**Input data**
[Start of section]

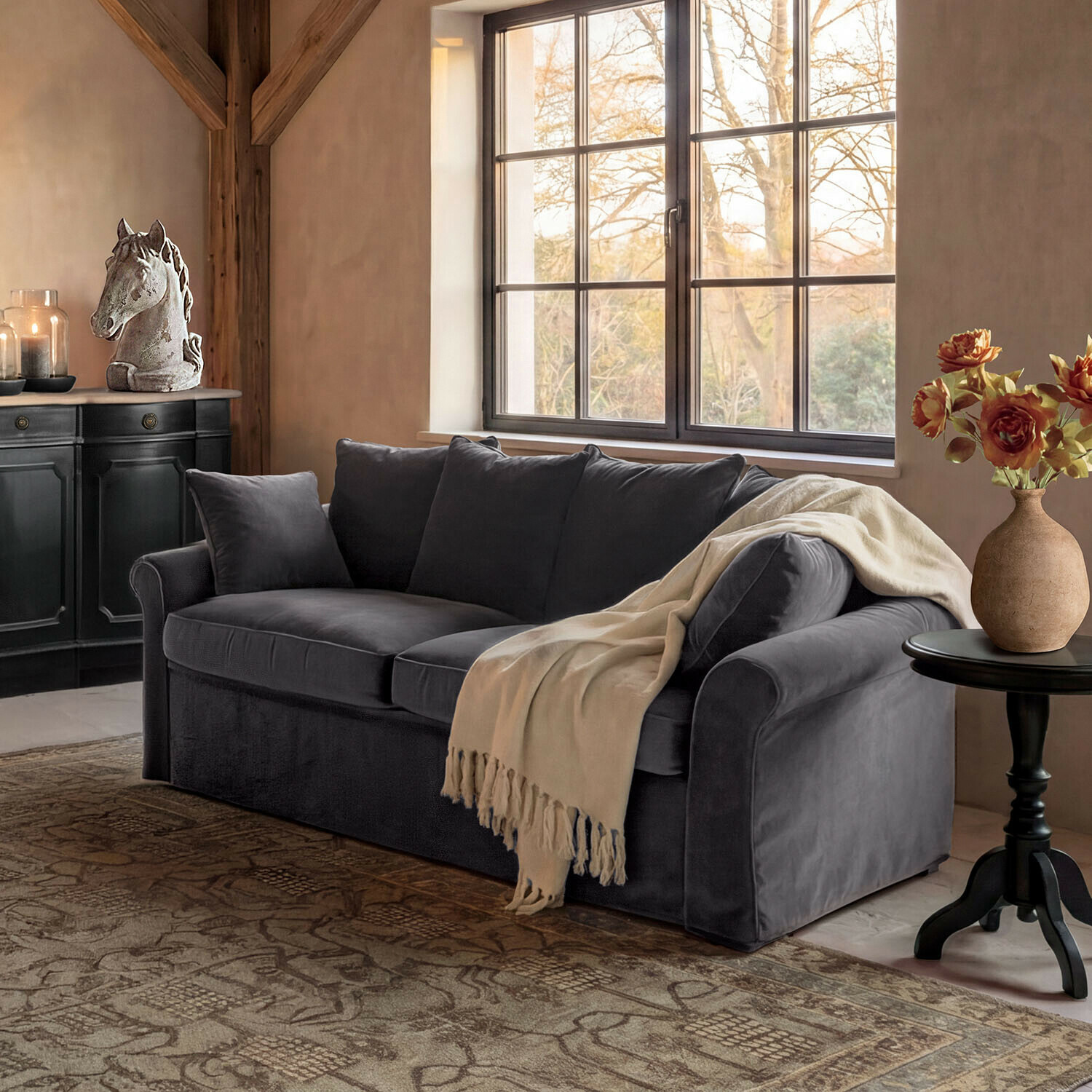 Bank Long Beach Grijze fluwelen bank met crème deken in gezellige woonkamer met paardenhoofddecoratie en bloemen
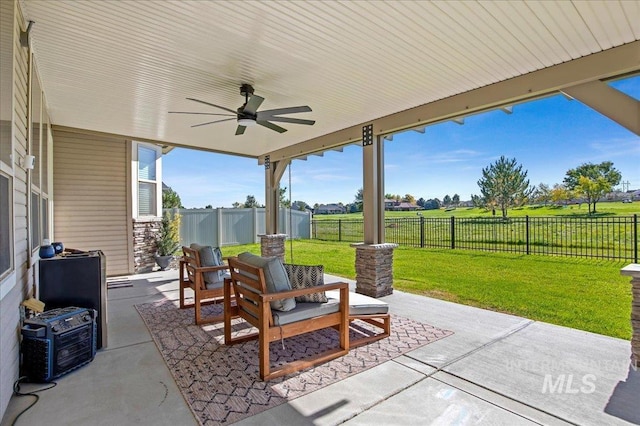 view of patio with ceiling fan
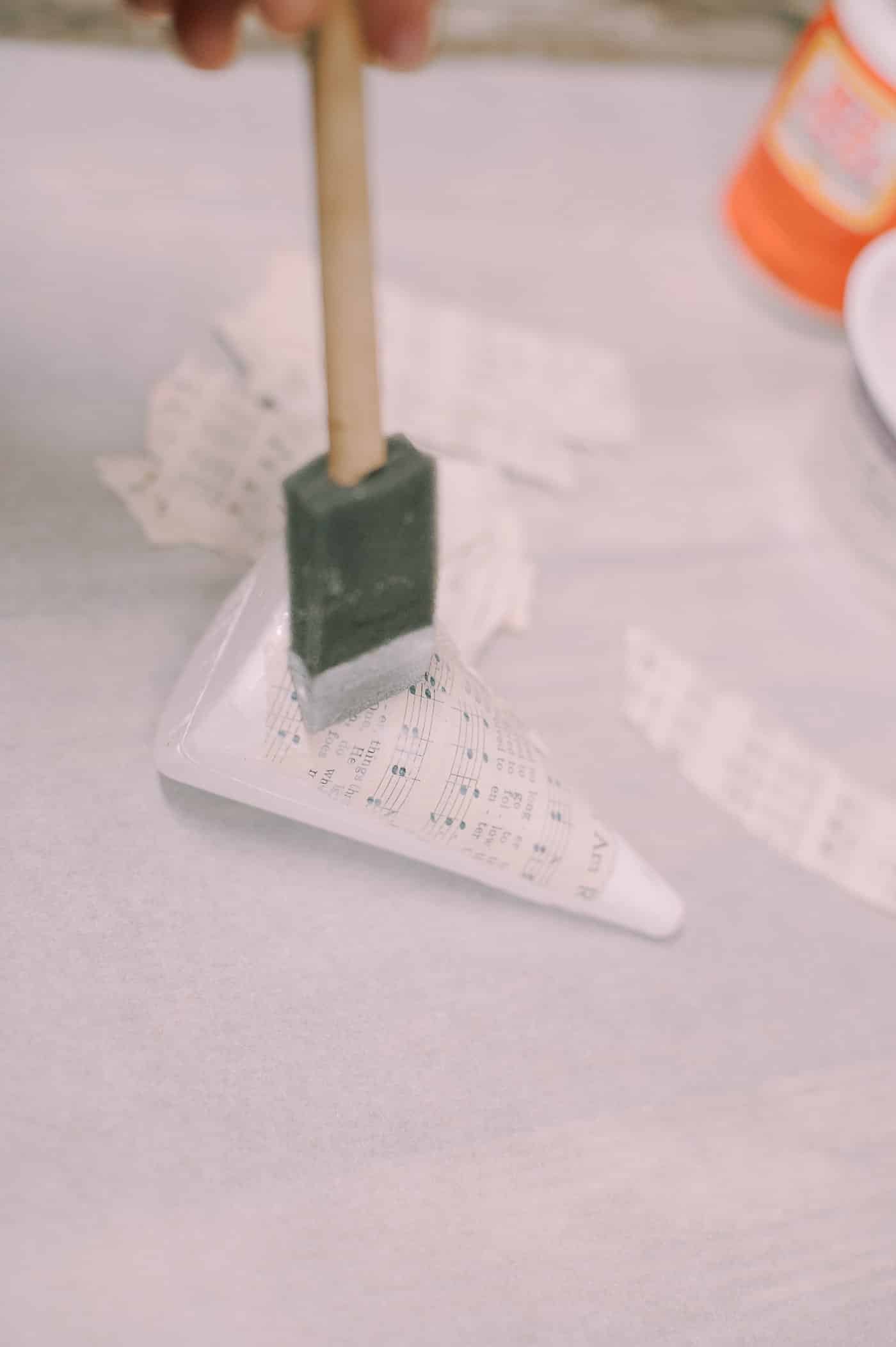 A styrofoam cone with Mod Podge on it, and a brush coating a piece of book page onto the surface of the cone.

[End of section]
[Start of section]

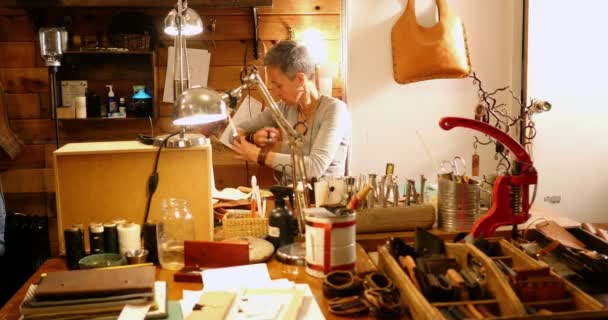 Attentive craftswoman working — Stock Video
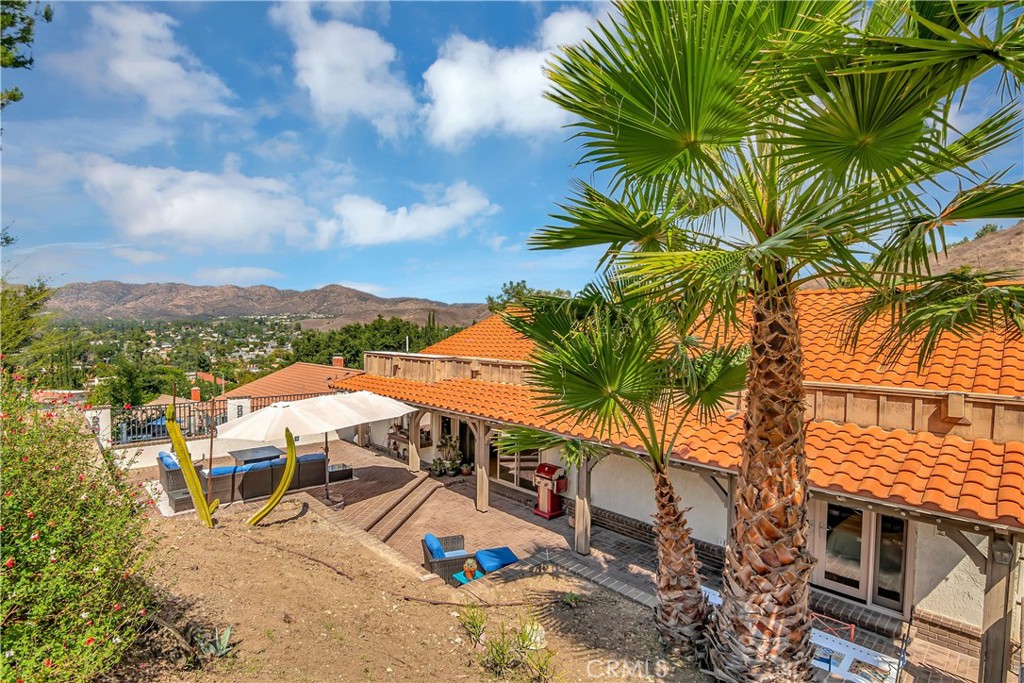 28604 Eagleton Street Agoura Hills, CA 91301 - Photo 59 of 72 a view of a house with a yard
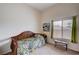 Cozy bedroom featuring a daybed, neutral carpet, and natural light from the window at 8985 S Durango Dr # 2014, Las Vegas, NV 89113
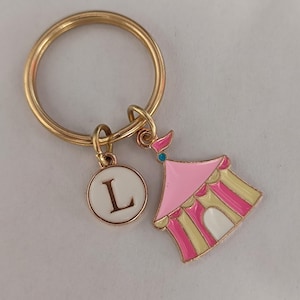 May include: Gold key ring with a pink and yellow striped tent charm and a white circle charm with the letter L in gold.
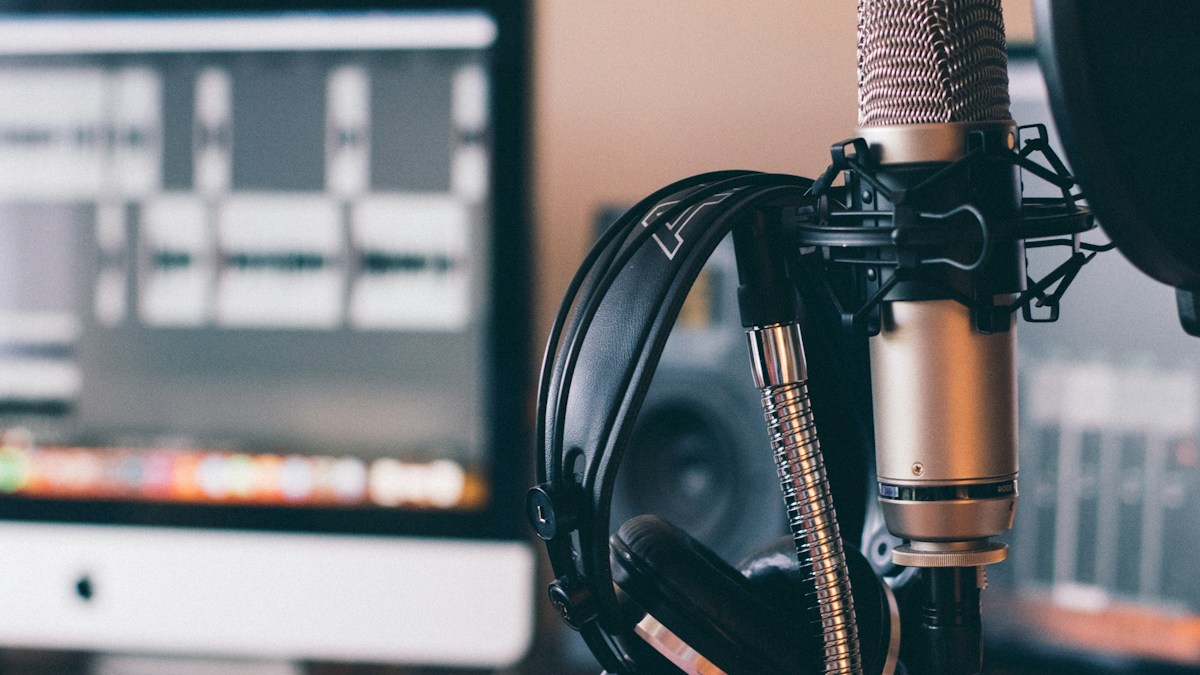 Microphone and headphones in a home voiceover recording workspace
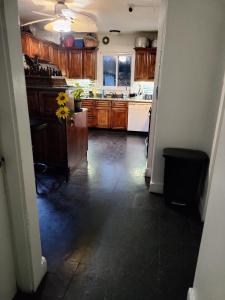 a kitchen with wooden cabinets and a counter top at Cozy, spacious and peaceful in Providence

[End of section]

**Requirement**
From the records above, copy exactly the lines starting at the one with "Cozy bedroom featuring" and ending at the one with "May include: Gold", and no others. Pictures stay out.

**Answer space**
 Cozy bedroom featuring a daybed, neutral carpet, and natural light from the window at 8985 S Durango Dr # 2014, Las Vegas, NV 89113
 May include: Gold key ring with a pink and yellow striped tent charm and a white circle charm with the letter L in gold.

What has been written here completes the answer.